II. Privates Baurecht
Das Privatrecht regelt und gestaltet die Rechtsbeziehungen zwischen den Bürgern untereinander. Es dient damit grundsätzlich nur den jeweiligen Individualinteressen. Solche Individualinteressen an der Bodennutzung finden sich dabei etwa verwirklicht in den Bestimmungen über das private Nachbarverhältnis, wie es in den §§ 903 ff. BGB zum Ausdruck kommt oder im Bauvertragsrecht als Unterfall des Werkvertragsrecht nach den §§ 631 ff. BGB.[2]
Unter privatem Baurecht sind damit alle Regeln zu verstehen, die die gegenseitigen Rechte und Pflichten von Grundstückseigentümern untereinander bzw. vertragliche Beziehungen im Rahmen eines Bauprojektes betreffen.
Das private Baurecht bildet eine eigenständige Rechtsmaterie hinsichtlich der Rechtsbeziehungen der an der Bebauung und Nutzung von Grundstücken Beteiligten und soll insoweit nicht Gegenstand dieser Veranstaltung sein.

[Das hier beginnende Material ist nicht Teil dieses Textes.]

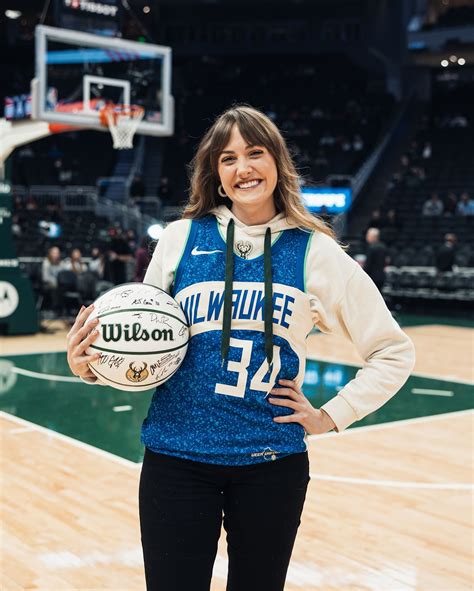 Katlynn Gill | I’m not sure how I feel about all that😂 #nfl #chicago #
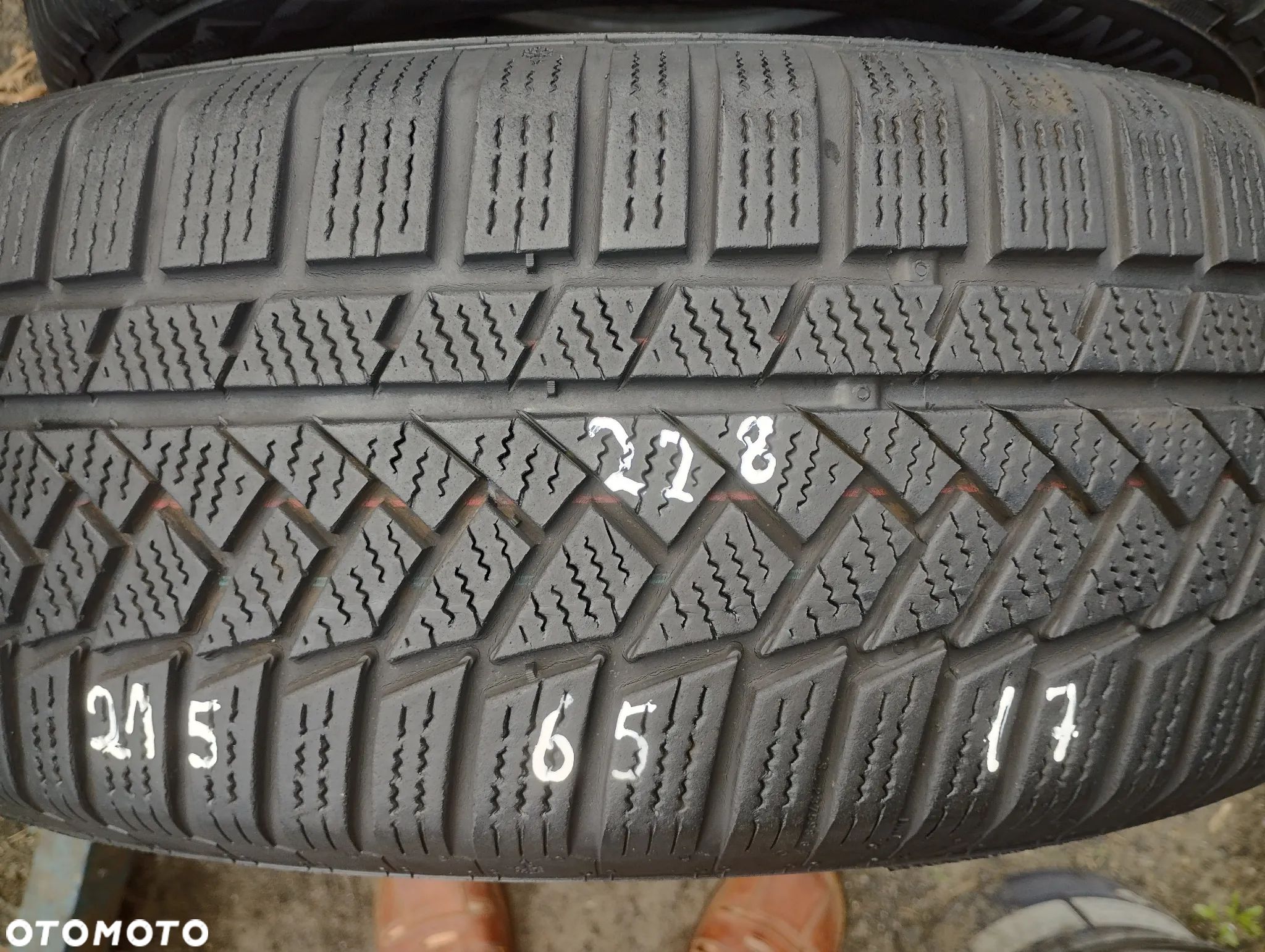 Continental 215/65/17 nr 228 - 1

Privates und öffentliches Baurecht stehen sich dabei nicht in einem Ausschließlichkeitsverhältnis gegenüber, sondern regulieren gleichartige Rechtsfragen parallel nebeneinander von unterschiedlichen Ansatzpunkten aus. Dies hat etwa zur Konsequenz, dass sich ein durch eine bestimmte Grundstücksnutzung gestört fühlender Nachbar sowohl zivilrechtlich als auch öffentlich-rechtlich gegen die jeweilige Störung zur Wehr setzen kann.[3] Ihm steht damit ein Wahlrecht zur Hand.